January 10 (RIA Novosti) It was a scene reminiscent of the 2012 major motion picture “Big Miracle,” which told the real life story of whales trapped under ice in 1988, and a small town trying frantically, but ill-equipped to free them.
In the Hollywood version, a massive Soviet icebreaker helped save the whales.
In this real life scenario, which played out on Thursday in the remote northeastern Canadian village of Inukjuak, the eleven killer whales that were trapped with only a small area of open water for them to surface and get air, were able to free themselves, according to the Inukjuak mayor’s office.
Early Thursday morning, scouts sent to check on the trapped whales discovered a passage stretching some 25 miles (40 kilometers) through the Hudson Bay leaving a path to open water.

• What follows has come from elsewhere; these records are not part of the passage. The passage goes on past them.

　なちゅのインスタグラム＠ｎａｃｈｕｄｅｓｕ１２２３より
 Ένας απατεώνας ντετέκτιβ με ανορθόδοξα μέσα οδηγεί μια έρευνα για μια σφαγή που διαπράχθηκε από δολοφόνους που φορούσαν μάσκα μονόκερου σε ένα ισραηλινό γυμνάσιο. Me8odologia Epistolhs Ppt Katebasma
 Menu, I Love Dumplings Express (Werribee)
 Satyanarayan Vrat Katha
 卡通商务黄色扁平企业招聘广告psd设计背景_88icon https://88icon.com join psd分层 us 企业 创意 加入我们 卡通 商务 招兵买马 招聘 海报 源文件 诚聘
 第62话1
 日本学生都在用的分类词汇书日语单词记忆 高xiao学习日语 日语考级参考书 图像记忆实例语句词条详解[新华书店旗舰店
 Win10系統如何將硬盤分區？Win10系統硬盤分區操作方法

The ice hole where the mammals had been trapped was empty, according to media reports.
"It was mother nature that helped them," Inukjuak Mayor Petah Inukpuk told NBC News. “When there is a new moon, the water current is activated it could have helped … completely trap them but in this case it caused an open passage out to the open water," he said.
The killer whales, also known as Orcas, were first discovered trapped under ice in the Hudson Bay on Tuesday, according to media reports. Residents in the secluded Inuit village watched helplessly as the whales, which can range in size from 16 to 26 feet (5 to 7 meters), struggled to breathe out of a hole roughly the size of a pickup truck, trying to survive.
The community requested assistance from the Canadian government, but the request was denied, officials said, because help was too far away. That was until the whales apparently helped themselves.